You have to ask yourself the question though. If "URL-Safety" is a main feature. What URLs / user-data are NOT security relevant?

Leaking users private pictures / documents / whatever, will also kill a company.

I guess one could maybe circumvent this, by using a hash of the ID, but then you have to store that somewhere too, and you're back to square one.

Nevertheless, I like that you fixed the main flaw with ULID. Also you provide way better insight into the tradeoffs, so kudos!


> using a hash of the ID

Hashing the IDs won't solve their lack of entropy. Crude example: If you hash your pincode I still have only 10^4 values to try.

The easiest way to fix this is to add an access token column that is cryptographically random and use both the ID and the token in the URL.

If you trust the 80 bits already in the ID the token only needs to be 80 bits for a total of 160 bits of entropy. But if you do that you have to make sure that a missing ID and invalid token are handled identically from the attackers perspective (same reply, same timing).


> Hashing the IDs won't solve their lack of entropy.

Yes and no. It would still significantly largen the search space, as an attacker wouldn't get a point of reference to latch on to.


Which implementation are you referring to? The Go package uses crypto.random and generation blocks if the system can’t provide enough randomness. It’s possible to override this with custom implementations, but either ways it’s no less secure than a UUID unless the implementation is horrible.

The spec doesn’t specify a source of randomness - an implementation that uses https://xkcd.com/221/ will or course not be a very good one.

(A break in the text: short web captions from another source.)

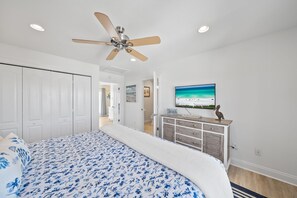 4 bedrooms, desk, iron/ironing board, travel cot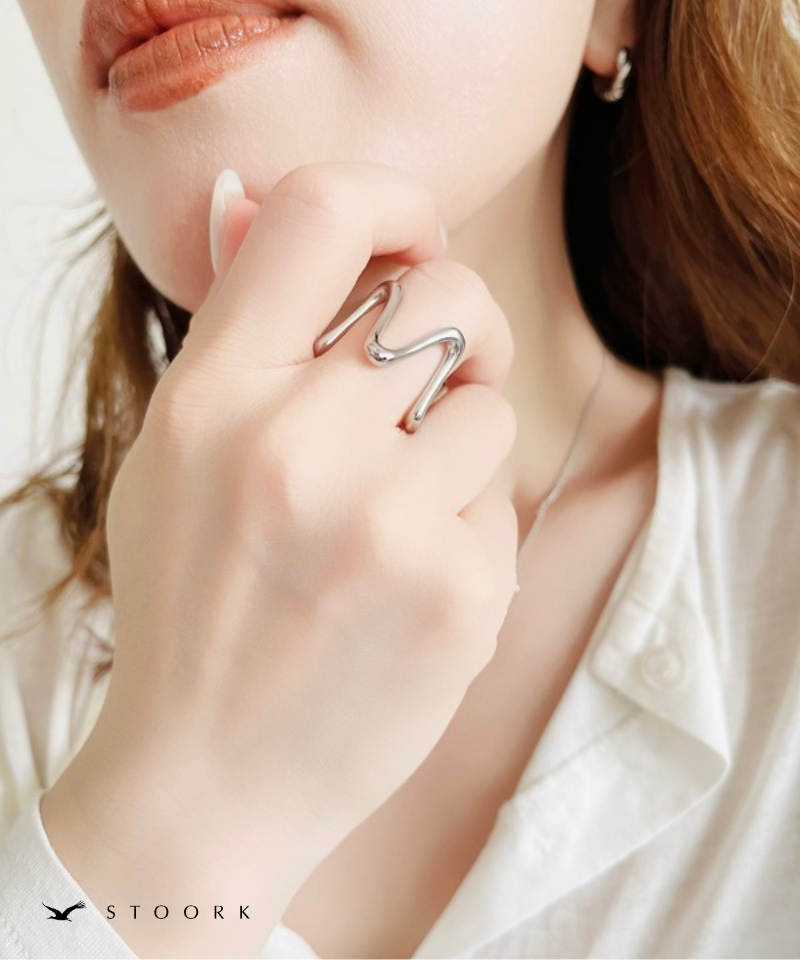 Wave Line Ring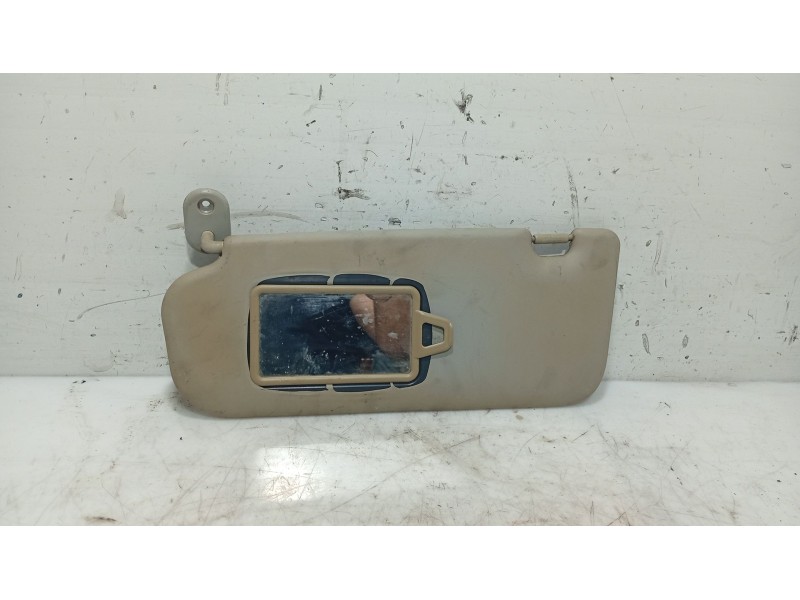 Recambio de parasol izquierdo para hyundai i20 i (pb, pbt) 1.2 referencia OEM IAM 852101J001OM  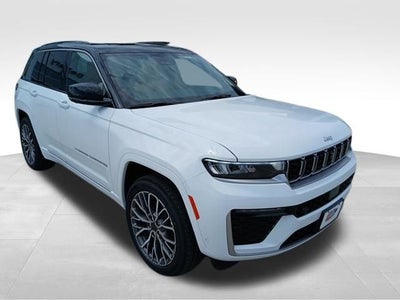 2027 Jeep Grand Cherokee Summit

If you’re referring to the monotonic counter implementation, then yes, that’s a documented choice you can make if you explicitly want strictly increasing ULIDs on the same millisecond, but given that you can’t ensure this across servers anyway, it’s more an edge case.

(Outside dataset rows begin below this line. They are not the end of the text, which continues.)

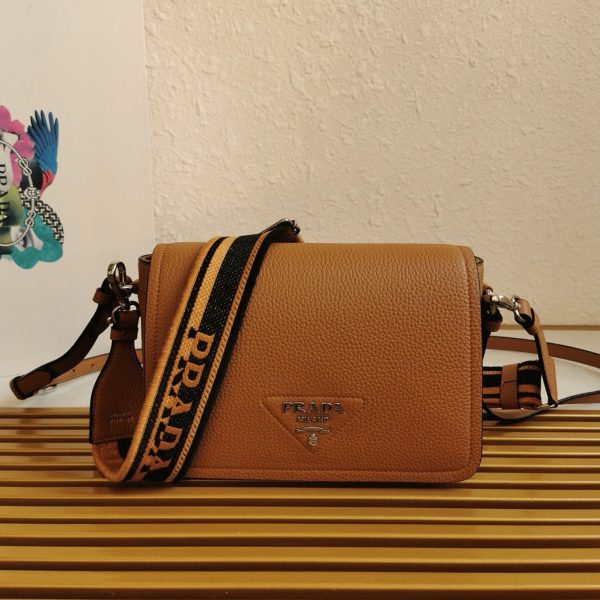 Faux sac bandoulière à rabat Prada en marron – Image 3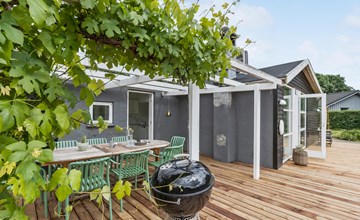 Lovely home in Knebel with kitchen 2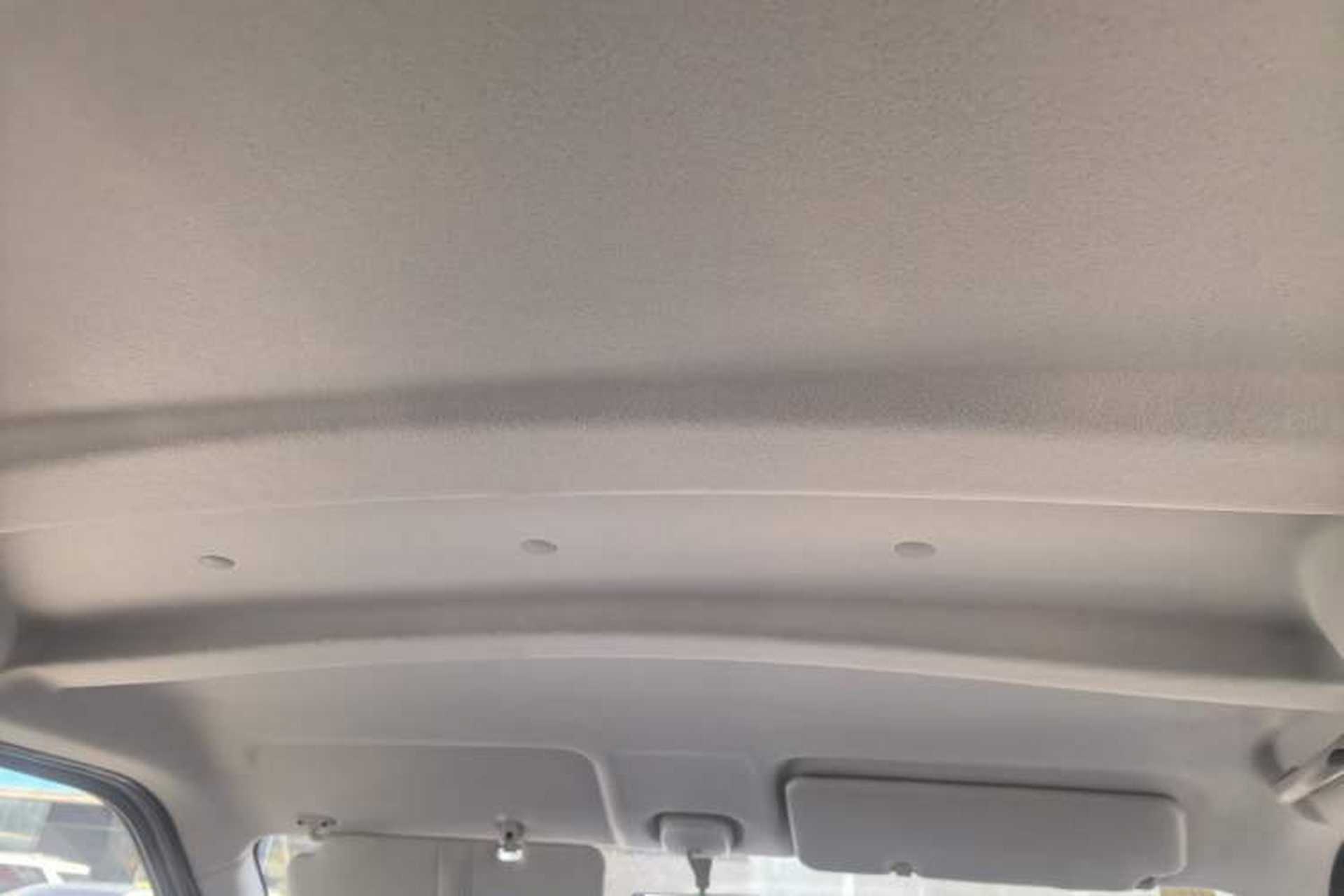 Used CHANGAN KAICHENG Ruixing EM80 2025 Passenger Version Comfort Model 6 Seats 260 km Twin-Door Design 60 kW Interior 4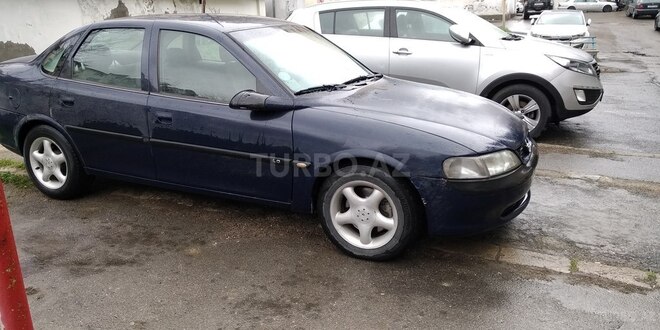 Opel Vectra 1998, 318,250 km - 2.0 л - Bakı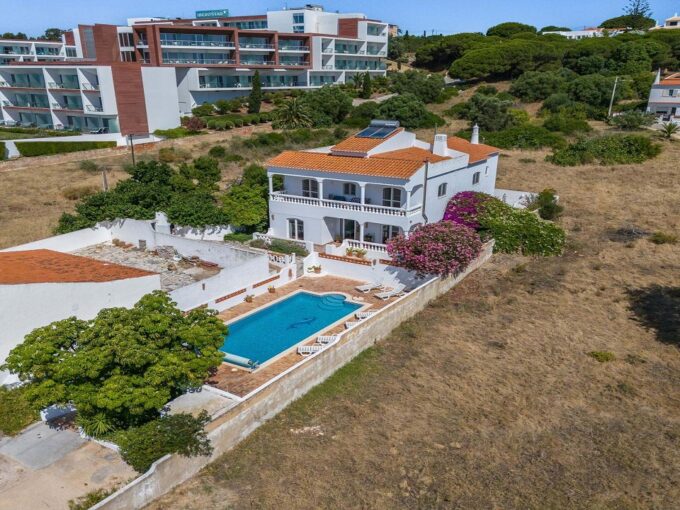 Sea view beach villa with 6 beds in Lagos, Algarve 1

Yes, monotonic counters, are ULID's "billion dollar mistake".

They're not an edge case, in that the standard displays them quite prominently. They're actually the only code examples given.

The standard should deprecate them, because people WILL use them "wrong".


Dunno about that. The implementations I’ve seen so far default to /dev/random and make you jump through hoops to get the monotonic counter, so if you manage to enable it they should assume it’s what you want. I’ve actually used them effectively in a couple of NoSQL problems where I didn’t need cryptographic security, just distributed timestamps - I was creating two sequential events (create and update), and they had to always order one after another, even though I created them in the same loop and millisecond.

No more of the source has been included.